• _WORK TO COMPLETE_:
Print nothing but the lines below starting at the line that holds "Soundcore 3 by" and ending at the line that holds "Rooted Ice Pink", including both, each exactly as written.

• _DATA EXTRACT_:
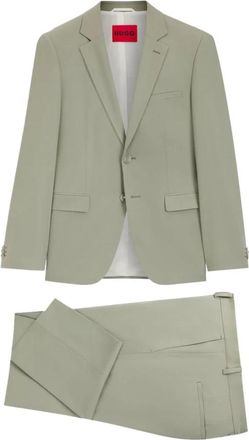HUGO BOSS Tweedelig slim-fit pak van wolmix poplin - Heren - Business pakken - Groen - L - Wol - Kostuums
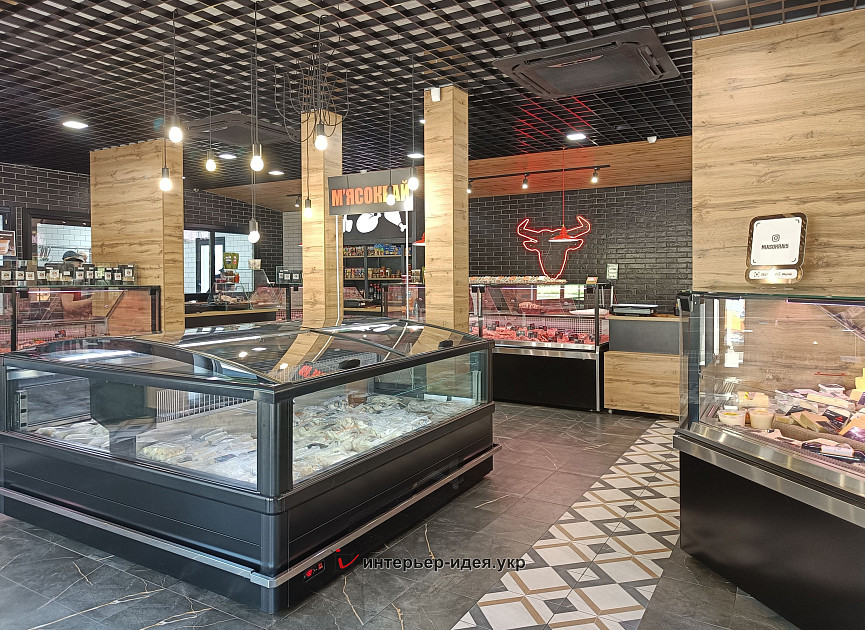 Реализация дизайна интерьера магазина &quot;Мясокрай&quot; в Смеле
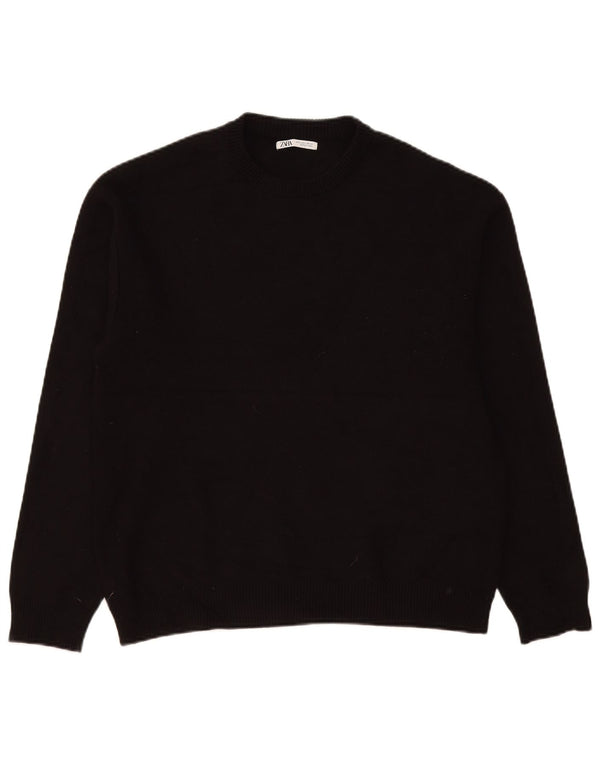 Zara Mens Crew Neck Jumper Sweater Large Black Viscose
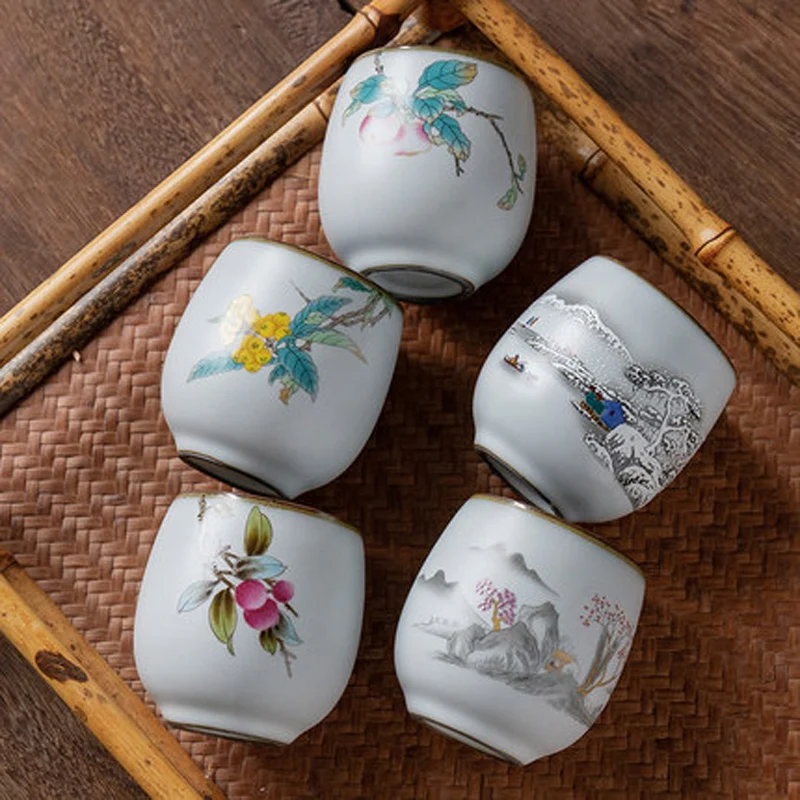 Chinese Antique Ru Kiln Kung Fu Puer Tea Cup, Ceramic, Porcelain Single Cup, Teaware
...
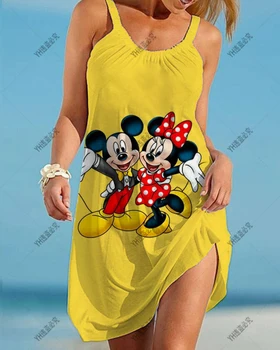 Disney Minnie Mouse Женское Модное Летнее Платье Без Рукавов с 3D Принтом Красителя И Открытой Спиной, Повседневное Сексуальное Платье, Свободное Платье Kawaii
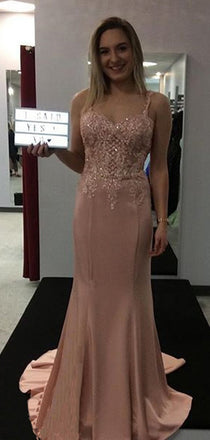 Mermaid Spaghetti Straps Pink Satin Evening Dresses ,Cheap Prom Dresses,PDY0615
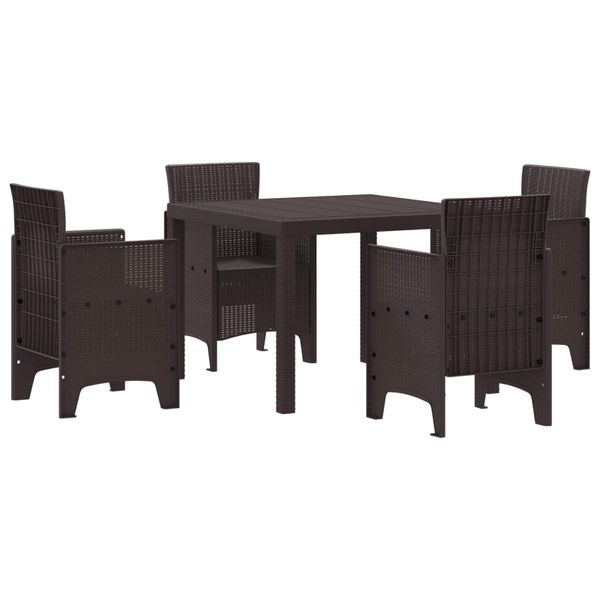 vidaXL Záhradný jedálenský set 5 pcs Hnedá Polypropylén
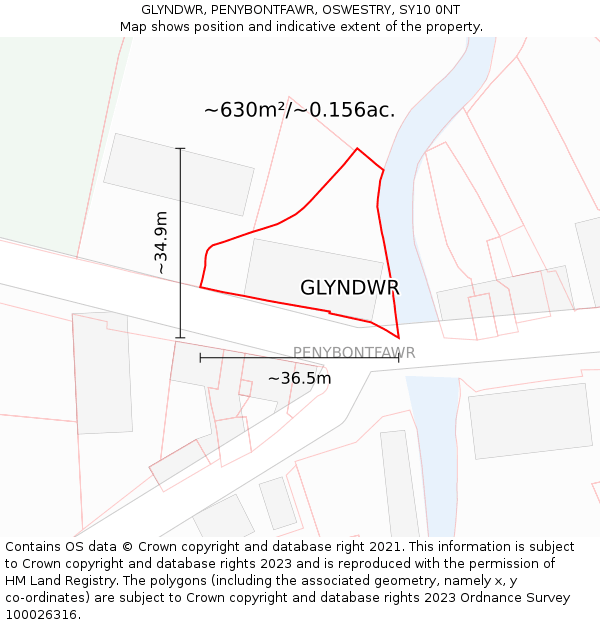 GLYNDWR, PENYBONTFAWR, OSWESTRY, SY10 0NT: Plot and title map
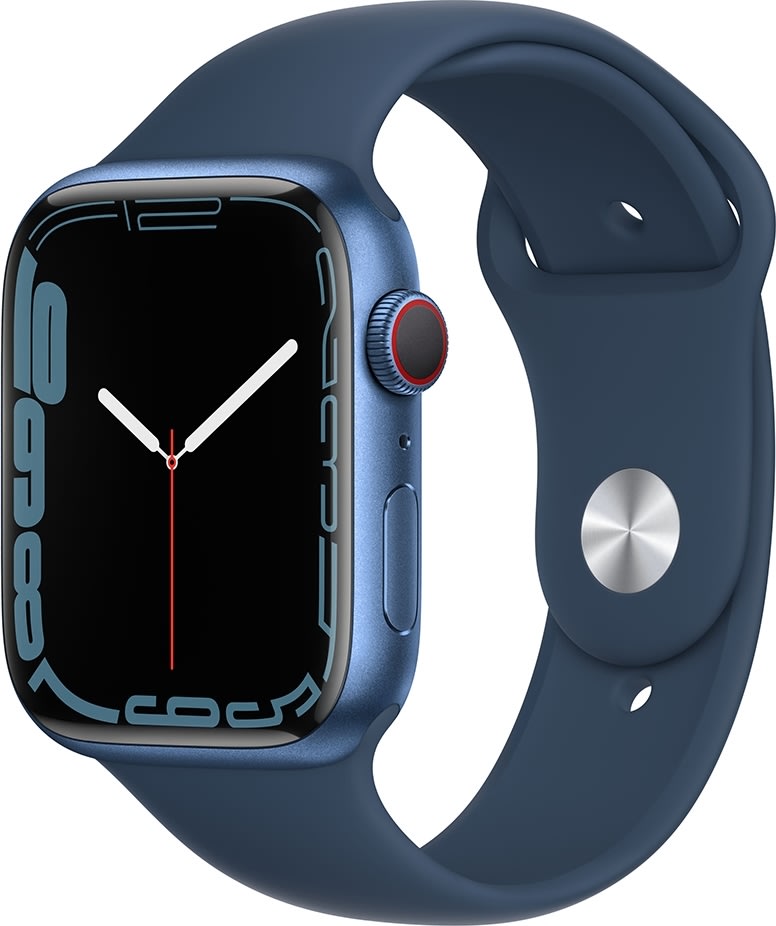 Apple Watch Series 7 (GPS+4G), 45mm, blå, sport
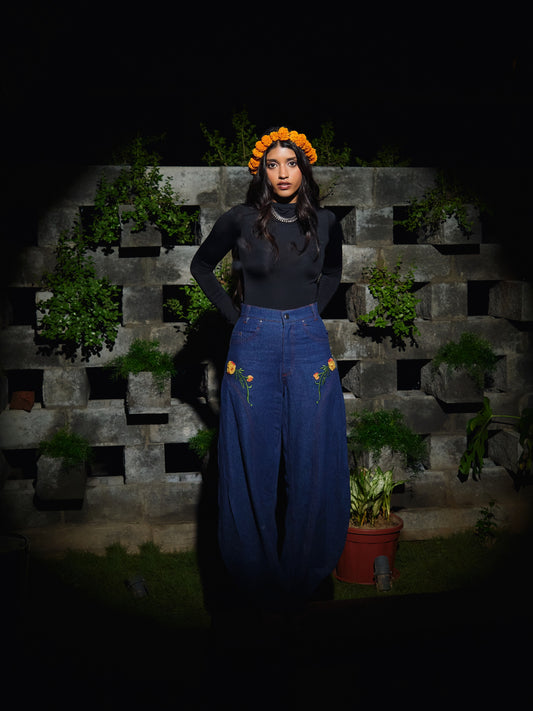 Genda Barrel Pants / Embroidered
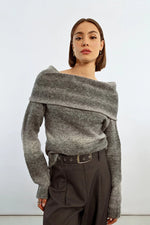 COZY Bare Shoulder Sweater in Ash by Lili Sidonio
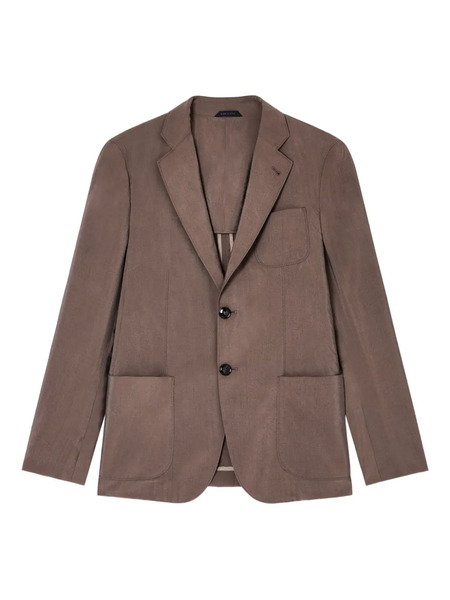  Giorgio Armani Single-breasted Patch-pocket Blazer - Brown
---
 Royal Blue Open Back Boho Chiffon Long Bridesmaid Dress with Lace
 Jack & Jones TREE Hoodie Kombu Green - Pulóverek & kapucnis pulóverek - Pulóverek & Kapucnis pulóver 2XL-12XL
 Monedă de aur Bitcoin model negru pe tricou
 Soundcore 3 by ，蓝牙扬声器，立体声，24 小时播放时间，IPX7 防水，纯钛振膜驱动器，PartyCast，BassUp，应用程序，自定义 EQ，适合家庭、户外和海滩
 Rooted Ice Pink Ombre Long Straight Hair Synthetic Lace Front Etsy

• _SOLUTION FOR THIS TASK_:
 Soundcore 3 by ，蓝牙扬声器，立体声，24 小时播放时间，IPX7 防水，纯钛振膜驱动器，PartyCast，BassUp，应用程序，自定义 EQ，适合家庭、户外和海滩
 Rooted Ice Pink Ombre Long Straight Hair Synthetic Lace Front Etsy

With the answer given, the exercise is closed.